Emile eBook

This eBook from the Gutenberg Project consists of approximately 880 pages of information about Emile.

Emile eBook

This eBook from the Gutenberg Project consists of approximately 880 pages of information about Emile.

Since our senses are the first instruments to our learning, corporeal and sensible bodies are the only bodies we directly apprehend.  The word “spirit” has no meaning for any one who has not philosophised.  To the unlearned and to the child a spirit is merely a body.  Do they not fancy that spirits groan, speak, fight, and make noises?  Now you must own that spirits with arms and voices are very like bodies.  This is why every nation on the face of the earth, not even excepting the Jews, have made to themselves idols.  We, ourselves, with our words, Spirit, Trinity, Persons, are for the most part quite anthropomorphic.  I admit that we are taught that God is everywhere; but we also believe that there is air everywhere, at least in our atmosphere; and the word Spirit meant originally nothing more than breath and wind.  Once you teach people to say what they do not understand, it is easy enough to get them to say anything you like.

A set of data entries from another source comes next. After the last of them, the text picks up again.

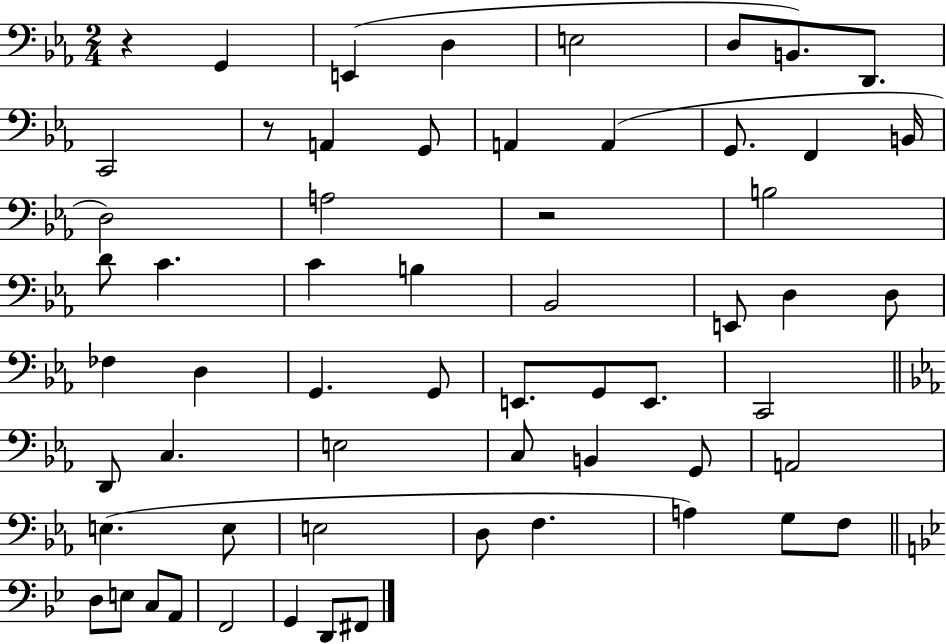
{
  \clef bass
  \numericTimeSignature
  \time 2/4
  \key ees \major
  r4 g,4 | e,4( d4 | e2 | d8 b,8.) d,8. | \break c,2 | r8 a,4 g,8 | a,4 a,4( | g,8. f,4 b,16 | \break d2) | a2 | r2 | b2 | \break d'8 c'4. | c'4 b4 | bes,2 | e,8 d4 d8 | \break fes4 d4 | g,4. g,8 | e,8. g,8 e,8. | c,2 | \break \bar "||" \break \key ees \major d,8 c4. | e2 | c8 b,4 g,8 | a,2 | \break e4.( e8 | e2 | d8 f4. | a4) g8 f8 | \break \bar "||" \break \key g \minor d8 e8 c8 a,8 | f,2 | g,4 d,8 fis,8 | \bar "|."
}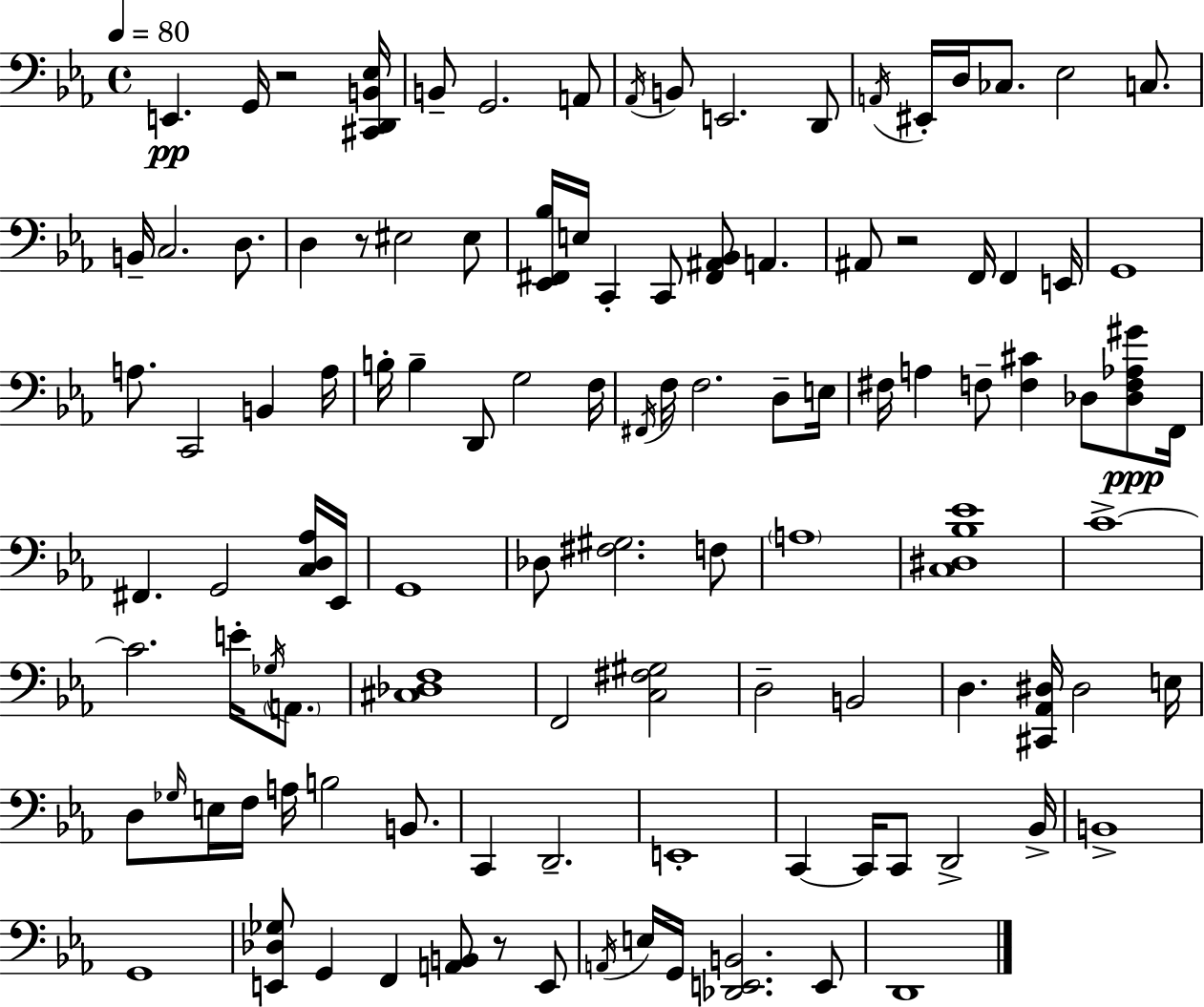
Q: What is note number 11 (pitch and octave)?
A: EIS2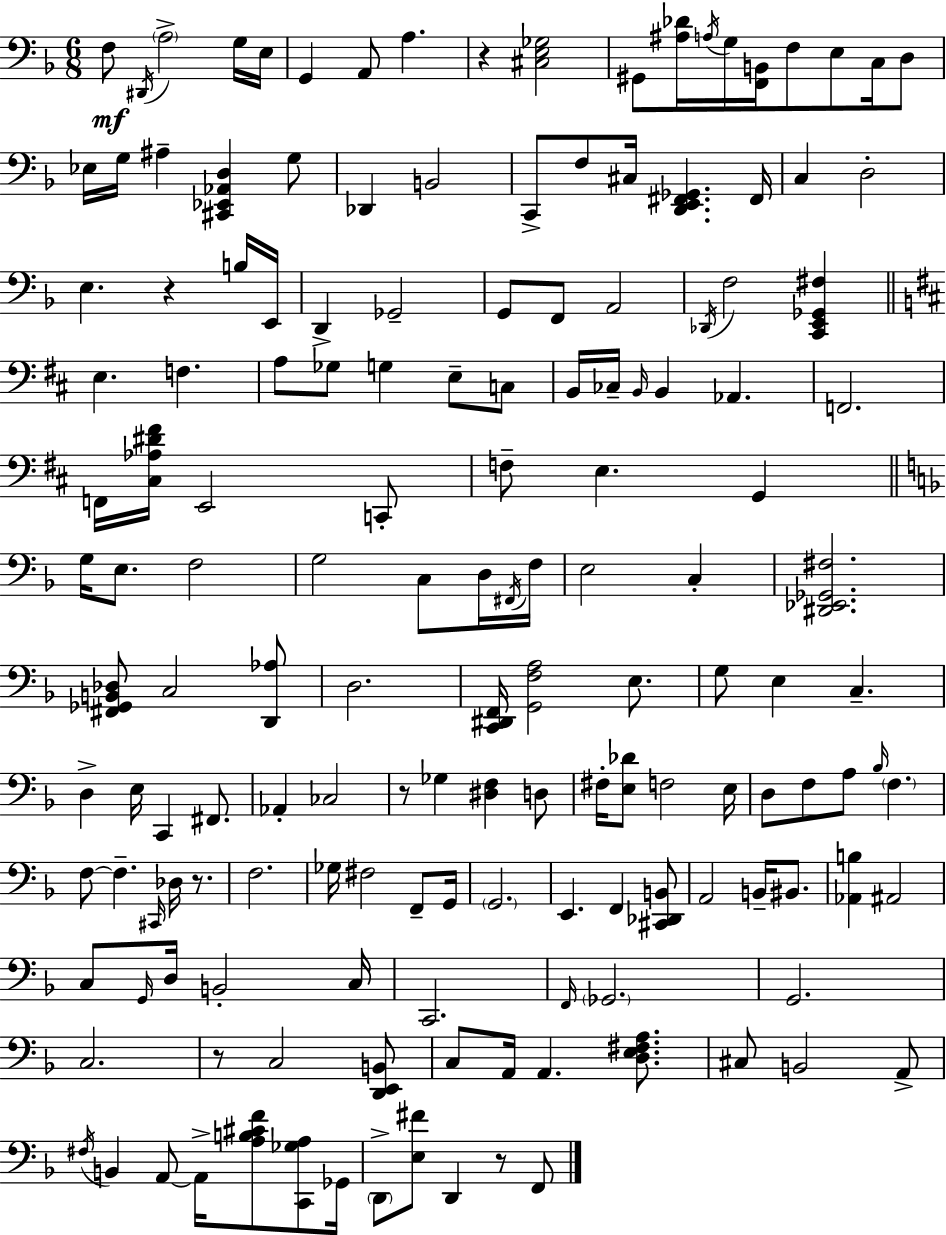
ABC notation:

X:1
T:Untitled
M:6/8
L:1/4
K:Dm
F,/2 ^D,,/4 A,2 G,/4 E,/4 G,, A,,/2 A, z [^C,E,_G,]2 ^G,,/2 [^A,_D]/4 A,/4 G,/4 [F,,B,,]/4 F,/2 E,/2 C,/4 D,/2 _E,/4 G,/4 ^A, [^C,,_E,,_A,,D,] G,/2 _D,, B,,2 C,,/2 F,/2 ^C,/4 [D,,E,,^F,,_G,,] ^F,,/4 C, D,2 E, z B,/4 E,,/4 D,, _G,,2 G,,/2 F,,/2 A,,2 _D,,/4 F,2 [C,,E,,_G,,^F,] E, F, A,/2 _G,/2 G, E,/2 C,/2 B,,/4 _C,/4 B,,/4 B,, _A,, F,,2 F,,/4 [^C,_A,^D^F]/4 E,,2 C,,/2 F,/2 E, G,, G,/4 E,/2 F,2 G,2 C,/2 D,/4 ^F,,/4 F,/4 E,2 C, [^D,,_E,,_G,,^F,]2 [^F,,_G,,B,,_D,]/2 C,2 [D,,_A,]/2 D,2 [C,,^D,,F,,]/4 [G,,F,A,]2 E,/2 G,/2 E, C, D, E,/4 C,, ^F,,/2 _A,, _C,2 z/2 _G, [^D,F,] D,/2 ^F,/4 [E,_D]/2 F,2 E,/4 D,/2 F,/2 A,/2 _B,/4 F, F,/2 F, ^C,,/4 _D,/4 z/2 F,2 _G,/4 ^F,2 F,,/2 G,,/4 G,,2 E,, F,, [^C,,_D,,B,,]/2 A,,2 B,,/4 ^B,,/2 [_A,,B,] ^A,,2 C,/2 G,,/4 D,/4 B,,2 C,/4 C,,2 F,,/4 _G,,2 G,,2 C,2 z/2 C,2 [D,,E,,B,,]/2 C,/2 A,,/4 A,, [D,E,^F,A,]/2 ^C,/2 B,,2 A,,/2 ^F,/4 B,, A,,/2 A,,/4 [A,B,^CF]/2 [C,,_G,A,]/2 _G,,/4 D,,/2 [E,^F]/2 D,, z/2 F,,/2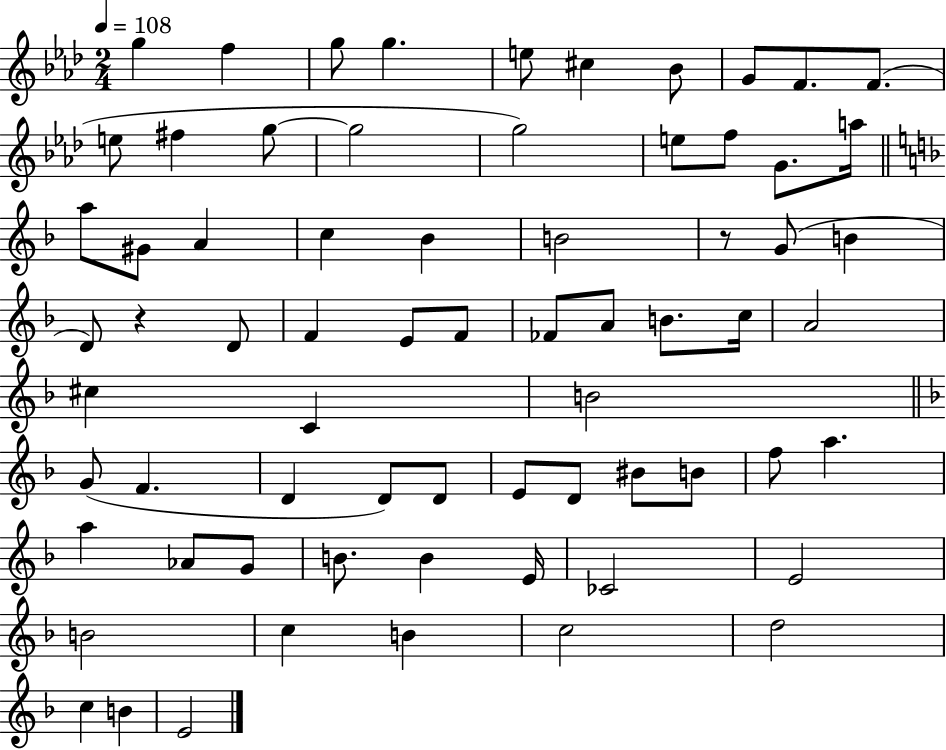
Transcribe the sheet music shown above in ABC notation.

X:1
T:Untitled
M:2/4
L:1/4
K:Ab
g f g/2 g e/2 ^c _B/2 G/2 F/2 F/2 e/2 ^f g/2 g2 g2 e/2 f/2 G/2 a/4 a/2 ^G/2 A c _B B2 z/2 G/2 B D/2 z D/2 F E/2 F/2 _F/2 A/2 B/2 c/4 A2 ^c C B2 G/2 F D D/2 D/2 E/2 D/2 ^B/2 B/2 f/2 a a _A/2 G/2 B/2 B E/4 _C2 E2 B2 c B c2 d2 c B E2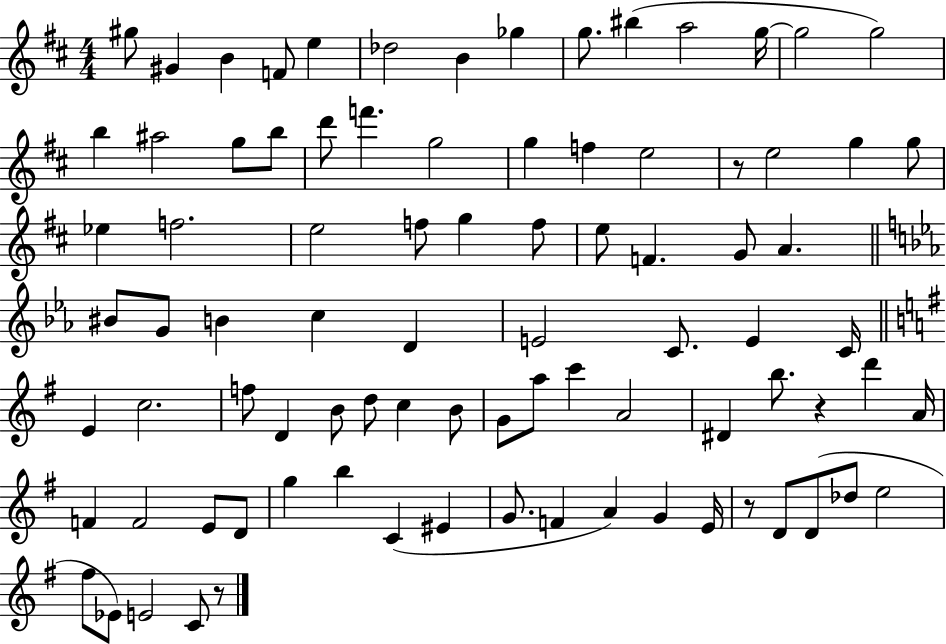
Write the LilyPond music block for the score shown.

{
  \clef treble
  \numericTimeSignature
  \time 4/4
  \key d \major
  \repeat volta 2 { gis''8 gis'4 b'4 f'8 e''4 | des''2 b'4 ges''4 | g''8. bis''4( a''2 g''16~~ | g''2 g''2) | \break b''4 ais''2 g''8 b''8 | d'''8 f'''4. g''2 | g''4 f''4 e''2 | r8 e''2 g''4 g''8 | \break ees''4 f''2. | e''2 f''8 g''4 f''8 | e''8 f'4. g'8 a'4. | \bar "||" \break \key ees \major bis'8 g'8 b'4 c''4 d'4 | e'2 c'8. e'4 c'16 | \bar "||" \break \key g \major e'4 c''2. | f''8 d'4 b'8 d''8 c''4 b'8 | g'8 a''8 c'''4 a'2 | dis'4 b''8. r4 d'''4 a'16 | \break f'4 f'2 e'8 d'8 | g''4 b''4 c'4( eis'4 | g'8. f'4 a'4) g'4 e'16 | r8 d'8 d'8( des''8 e''2 | \break fis''8 ees'8) e'2 c'8 r8 | } \bar "|."
}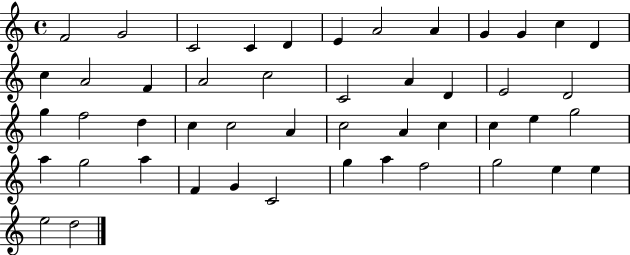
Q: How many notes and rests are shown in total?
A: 48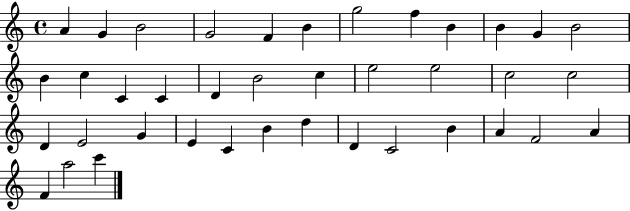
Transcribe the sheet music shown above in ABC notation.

X:1
T:Untitled
M:4/4
L:1/4
K:C
A G B2 G2 F B g2 f B B G B2 B c C C D B2 c e2 e2 c2 c2 D E2 G E C B d D C2 B A F2 A F a2 c'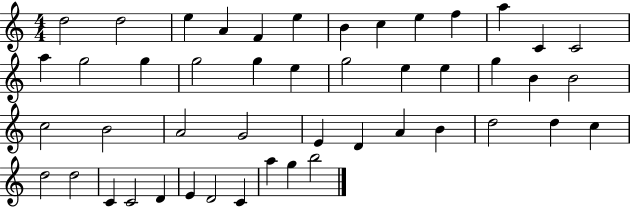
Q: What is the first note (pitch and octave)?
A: D5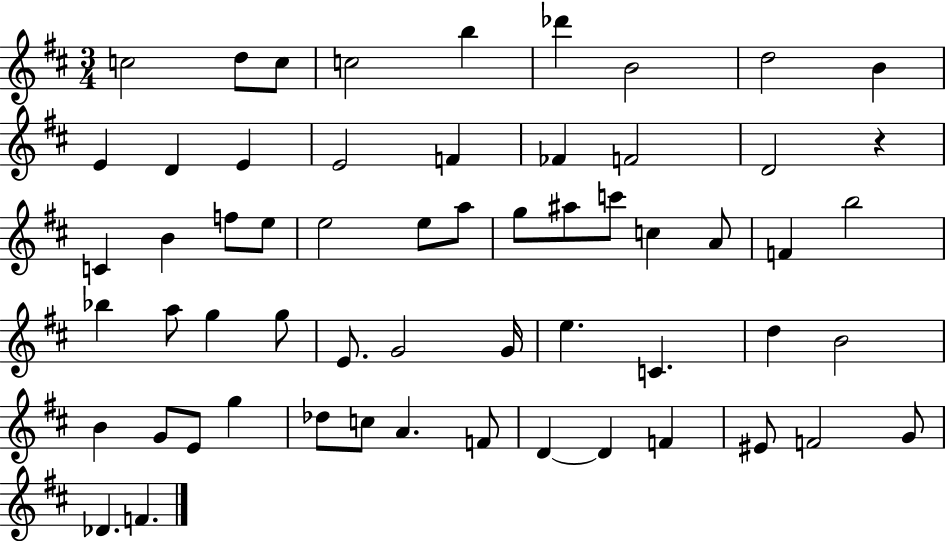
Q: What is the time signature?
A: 3/4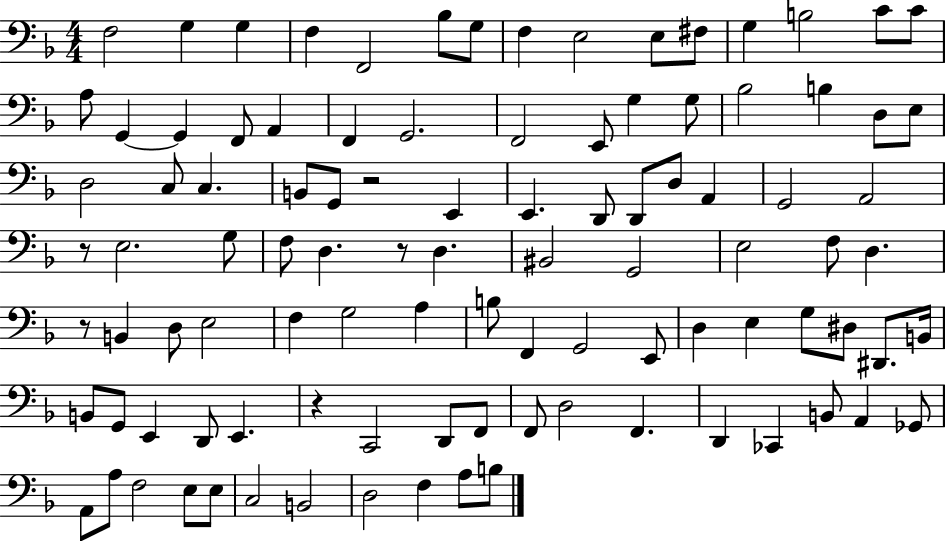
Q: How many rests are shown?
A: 5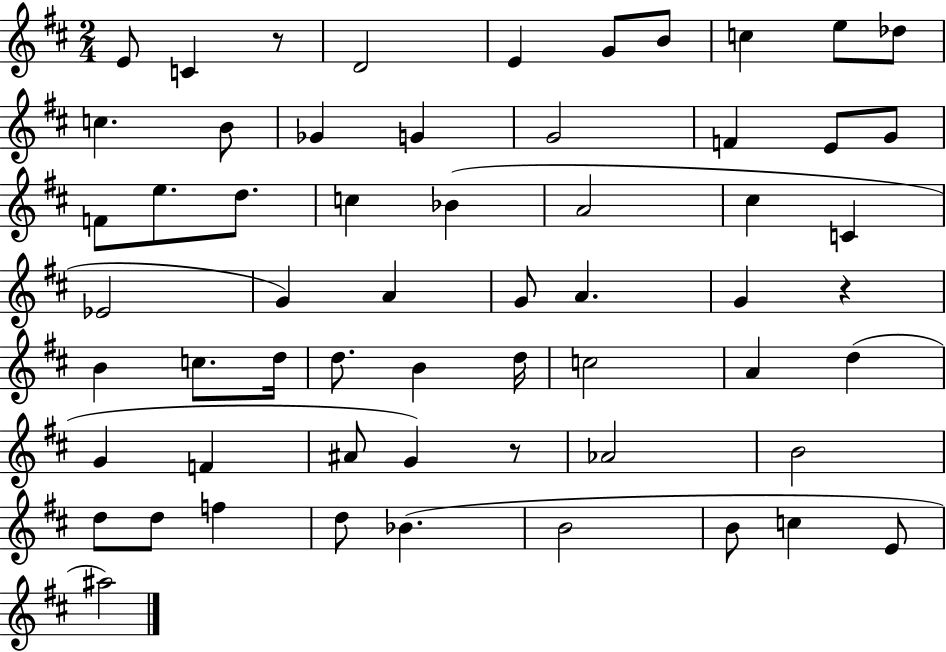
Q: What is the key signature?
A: D major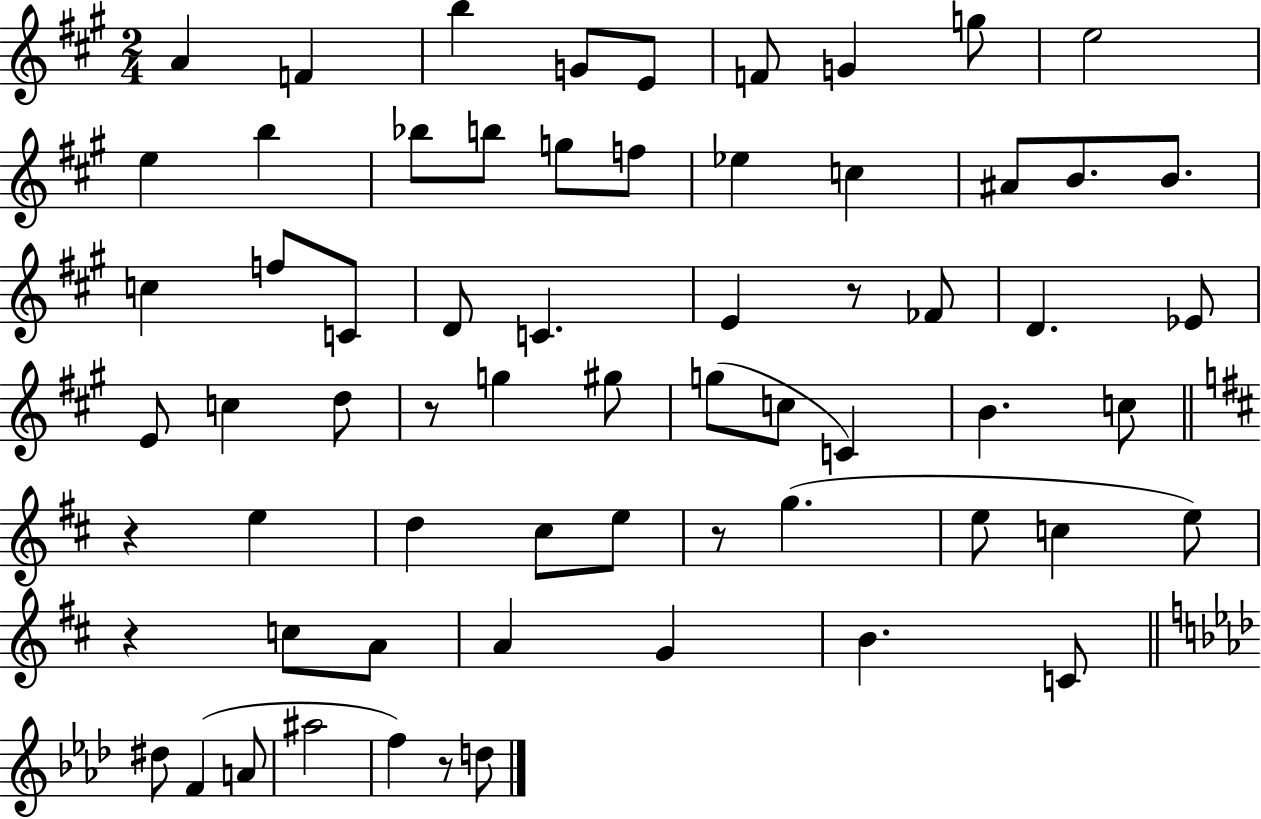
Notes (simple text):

A4/q F4/q B5/q G4/e E4/e F4/e G4/q G5/e E5/h E5/q B5/q Bb5/e B5/e G5/e F5/e Eb5/q C5/q A#4/e B4/e. B4/e. C5/q F5/e C4/e D4/e C4/q. E4/q R/e FES4/e D4/q. Eb4/e E4/e C5/q D5/e R/e G5/q G#5/e G5/e C5/e C4/q B4/q. C5/e R/q E5/q D5/q C#5/e E5/e R/e G5/q. E5/e C5/q E5/e R/q C5/e A4/e A4/q G4/q B4/q. C4/e D#5/e F4/q A4/e A#5/h F5/q R/e D5/e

The perception of our action upon other bodies must have first induced us to suppose that their action upon us was effected in like manner.  Thus man began by thinking that all things whose action affected him were alive.  He did not recognise the limits of their powers, and he therefore supposed that they were boundless; as soon as he had supplied them with bodies they became his gods.  In the earliest times men went in terror of everything and everything in nature seemed alive.  The idea of matter was developed as slowly as that of spirit, for the former is itself an abstraction.

Thus the universe was peopled with gods like themselves.  The stars, the winds and the mountains, rivers, trees, and towns, their very dwellings, each had its soul, its god, its life.  The teraphim of Laban, the manitos of savages, the fetishes of the negroes, every work of nature and of man, were the first gods of mortals; polytheism was their first religion and idolatry their earliest form of worship.  The idea of one God was beyond their grasp, till little by little they formed general ideas, and they rose to the idea of a first cause and gave meaning to the word “substance,” which is at bottom the greatest of abstractions.  So every child who believes in God is of necessity an idolater or at least he regards the Deity as a man, and when once the imagination has perceived God, it is very seldom that the understanding conceives him.  Locke’s order leads us into this same mistake.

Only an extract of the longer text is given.